Yesterday morning, after rushing through my usual Saturday morning chores, I was preparing to go to the local AB Women’s Association Spring meeting. I had been stressing about this event all week. Saturday morning chores are mostly centered on my elderly mother’s needs and taking the time for the women’s meeting was going to require a good deal of rearranging of her weekend schedule.
I had vacillated between my mother’s needs and my responsibilities to the women’s ministry, finally telling myself that if I could just get through the basics for my mother before the meeting began, then I would go to part of the meeting and come home in time to fix her lunch. I knew this would be upsetting for my mother, but it seemed like a necessary compromise.
When I walked into the room to tell my mother of my plans I found her lying face-down on the floor and my youngest son, looking distraught, at her side.
Mom had fallen, cutting her arm, and was unable to get up.

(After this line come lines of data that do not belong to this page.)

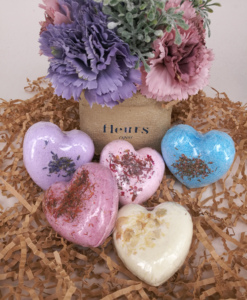 Bombes de bain parfumées en forme de cœur, naturelles, biologiques, faites à la main, étiquette privée, bain moussant pétillant, 5 couleurs, 60g, unisexe - Product Image 6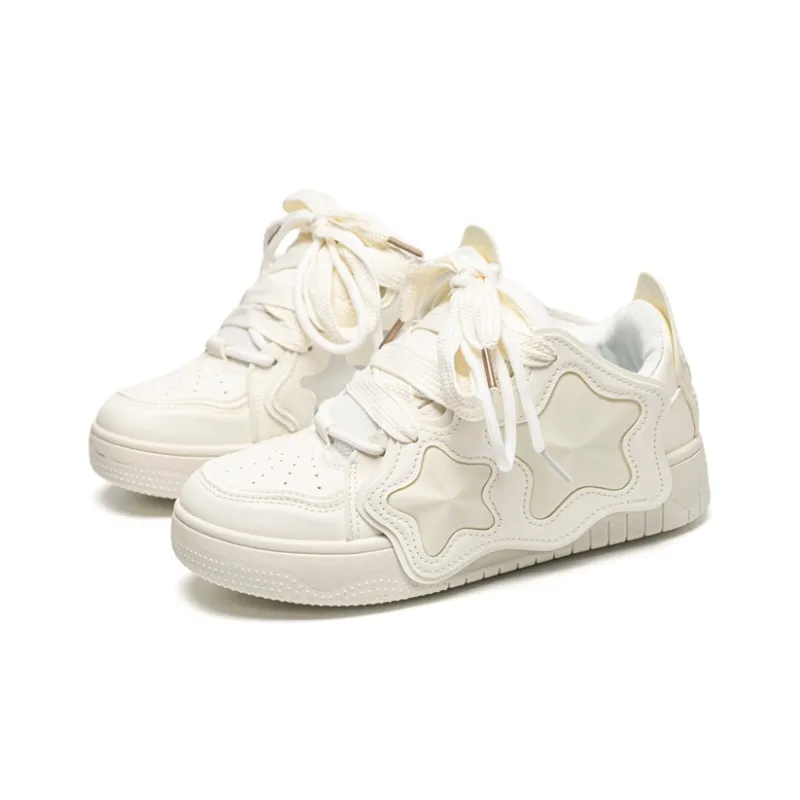 ABCIO Skateboard Shoes Women's Low Top White, Yellow-7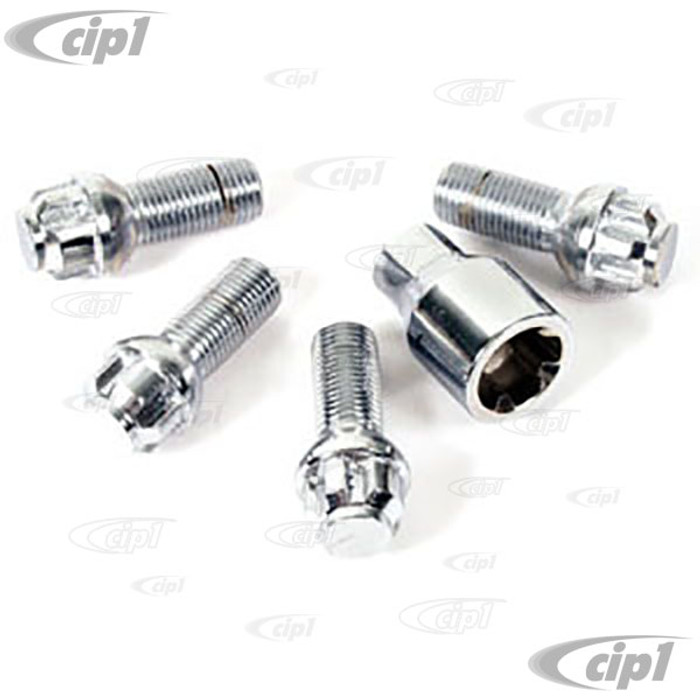 C13-70-2701 - CHROME LOCKING 14MM BOLTS 4 PIECE SET - BALL SEAT STYLE - SUITABLE FOR STEEL WHEELS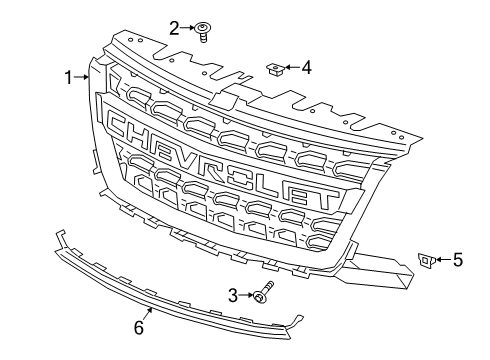 2022 Chevrolet Colorado Grille & Components Grille Assembly Diagram for 84431361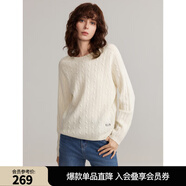 ELLE【100%綿羊毛】寬松圓領毛衣女2024冬裝新款慵懶軟糯毛針織衫 白色 L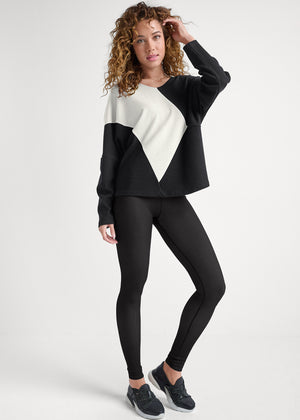 Color Block Oversized Top - Black & White - thumbnail-2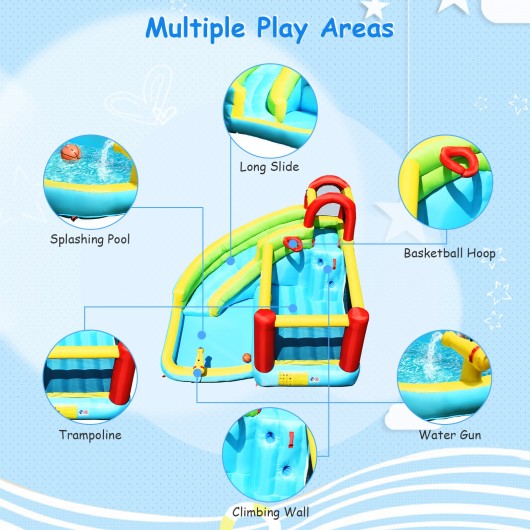 6 in 1 Inflatable Bounce House with Climbing Wall and Basketball Hoop without Blower
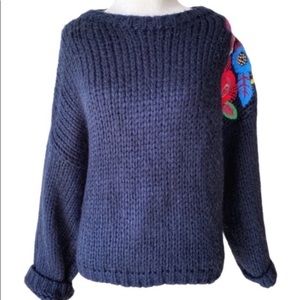 Zara Cable Navy Knit Oversize Pullover Flower Appliqué Sweater - New With Tags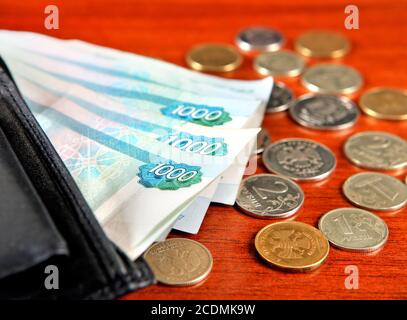 Primo piano della valuta russa Foto Stock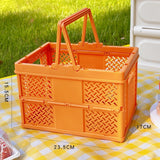 Maxbell Foldable Picnic Basket Medium Shopping Basket for Barbecue Household Outdoor Orange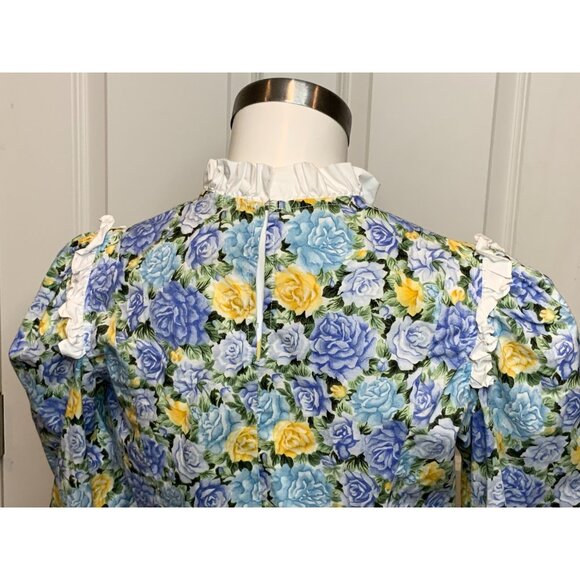 Batsheva Blue Floral Ruffle Puff Sleeve Cropped Top, Size 8 - Picture 6 of 8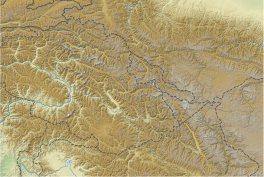 Map showing the location of Shani Glacier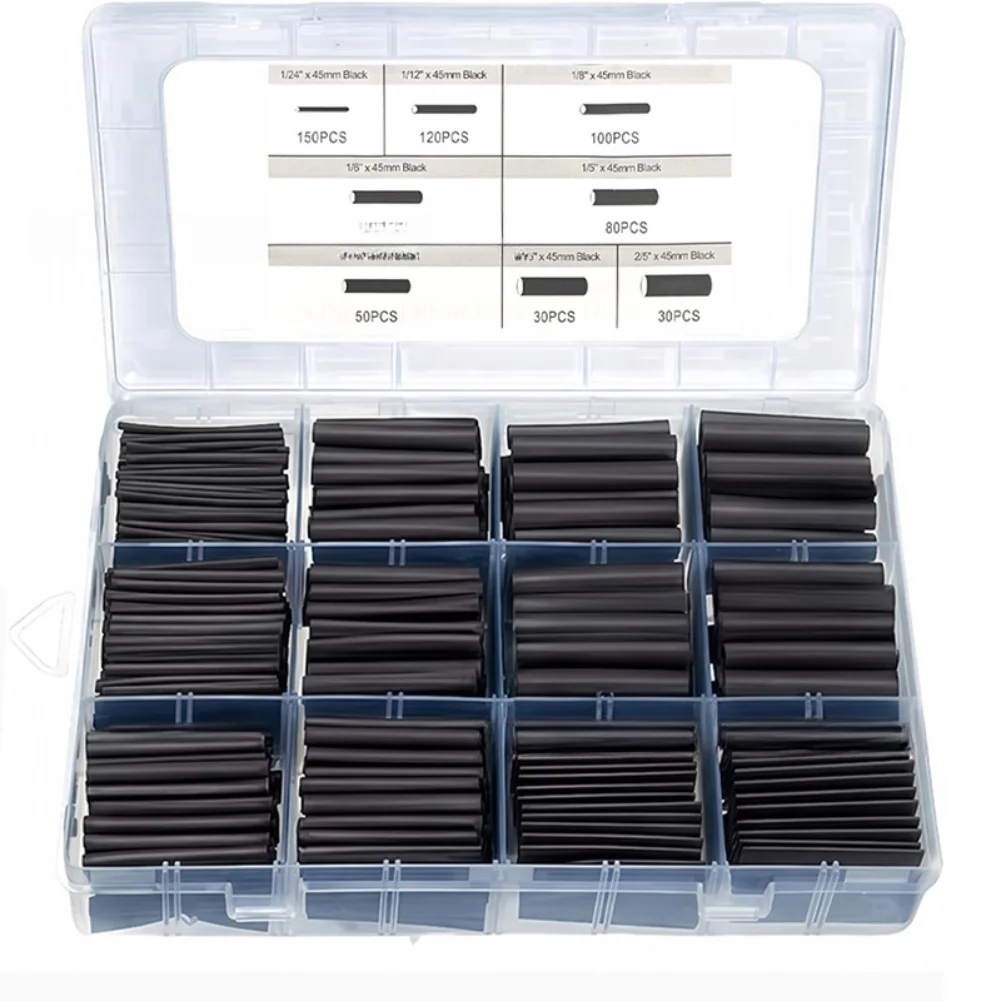 650pcs Heat Shrink Tube Kit for Electrical Wire Insulation Providing Multiple Sizes and Organized Storage Case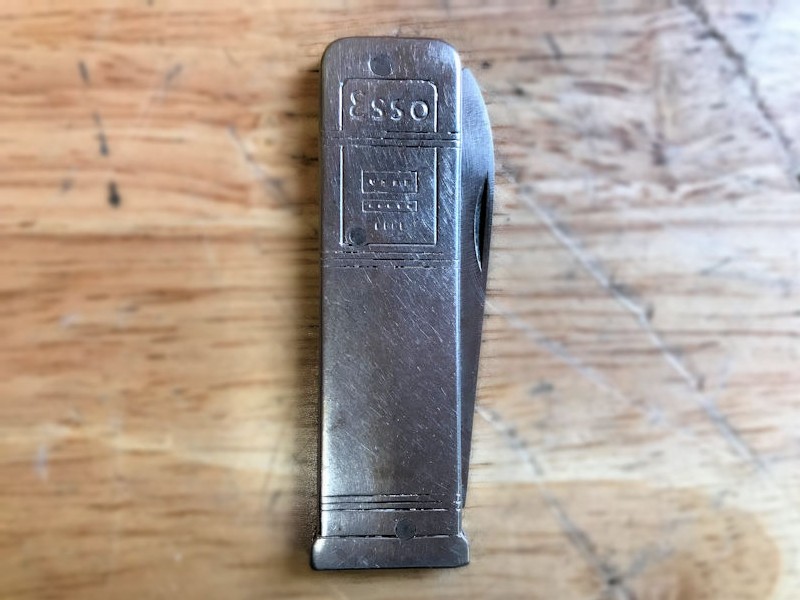 Original vintage Esso metal penknives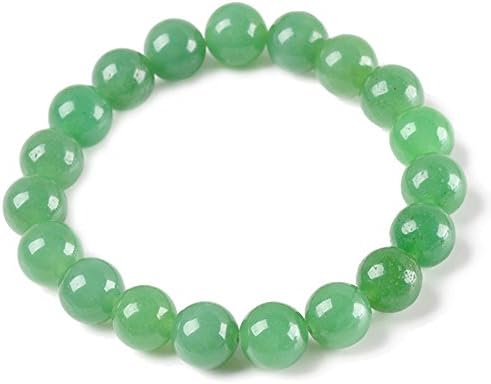 JS Direct Semi-Precious Gemstones Healing Power Crystal Beads Stretch Bracelet (Natural Green Aventurine)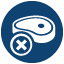 Icon illustration of a steak with a large X over it indicating not to eat red meat.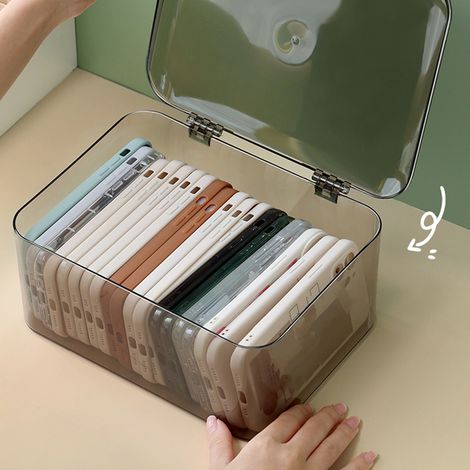 Transparente, staubdichte Aufbewahrungsbox mit Klappdeckel, geräumiger Schreibtisch-Organizer und Handy-Aufbewahrungsschrank, hellgrau. (1/5)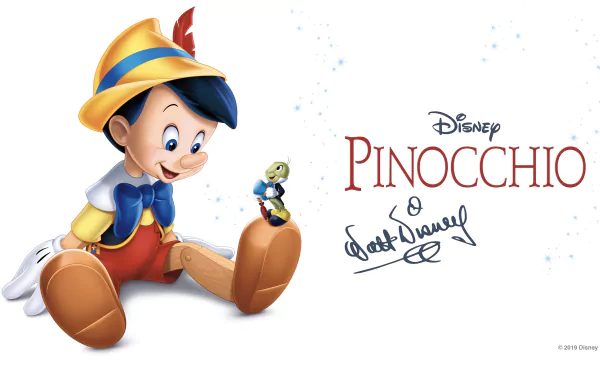 HD PC desktop wallpaper and background for the movie Pinocchio (1940): Disney artwork of Pinocchio seated with Jiminy Cricket beside the film title and Walt Disney signature.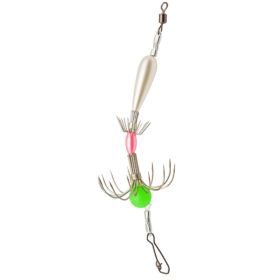 Double Row Cuttlefish Soft Hook; Carbon Steel Spineless Umbrella Squid Hook; Fishing Tackle For Freshwater Saltwater - Silvery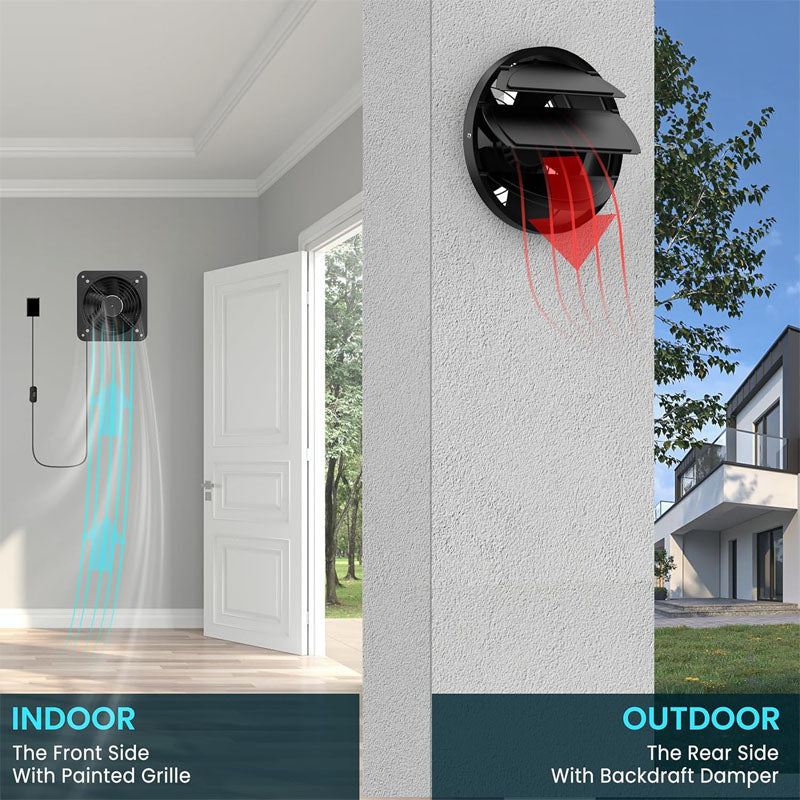 10 Inch Industrial Ventilation Extractor with Speed Controller 988 CFM Kitchen Exhaust Fan for Ceiling Bathroom Basement Attic Window Ventilation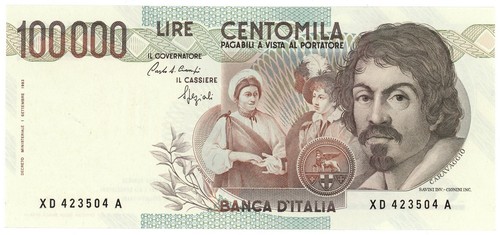 100000 lire caravaggio tipo - 100000,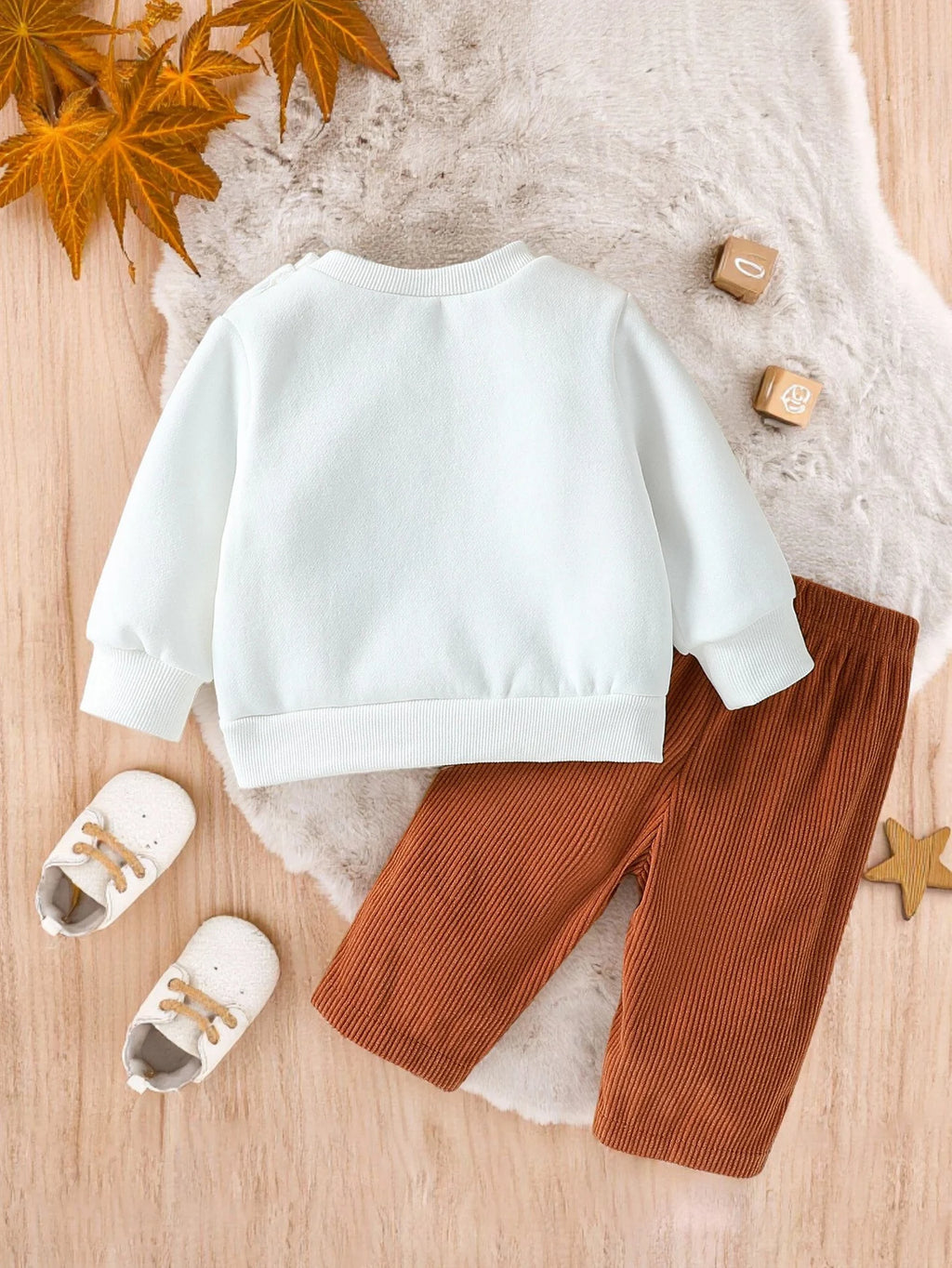 2025 Baby Boys Autumn /Winter Outfits Sets Embroidery Letter Cartoon Bear Sweater Top &Pants 2pcs Cute Toddler Clothing Casual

At 96 my mother does pretty well, most days, getting around very slowly with the aid of a walker. She has had a series of strokes and has marked weakness on her right side and difficulty speaking clearly. During the weekdays while I am at work, my sons (both in their 20’s) are able to be with her since they are completing their college degrees online. So, she is never alone. However, she looks forward to the weekends when I can be with her and have time to prepare more elaborate meals, clean her room and take care of all the little things that are becoming more and more difficult for her. When I have to be away on the weekends it distresses her.
My son and I were able to get Mom off the floor, I bandaged her arm and settled her down in front of the TV with an ice pack and a Tylenol.
I never even told her about the women’s meeting, after all, and cancelled all my plans for the weekend. Finding Mom lying on the floor with blood smears around her was a shock to all of us. It was a wake up call that forced me to look hard at my priorities.
All that morning I had rushed through my tasks, ticking them off so I could get to my “important” meeting. My thoughts were elsewhere while I hurriedly shampooed Mom’s hair, even knowing that she looks forward to that bit of pampering all week long. She looks upon the weekends as special days while I had been thinking of only the added burdens they held.
A life that puts more importance on busy-ness and outside responsibilities than on caring for loved ones is out of balance. My lack of balance didn’t cause my mother’s fall, but her fall helped me see my own lack of balance.
While it is important to live up to our responsibilities, sometimes it is necessary to examine the value of the time we are spending.
I don’t suppose very many women at the meeting yesterday even noticed my absence. I know for sure that for my mother, my presence meant everything.
I want to remember that lesson. I pray that I will.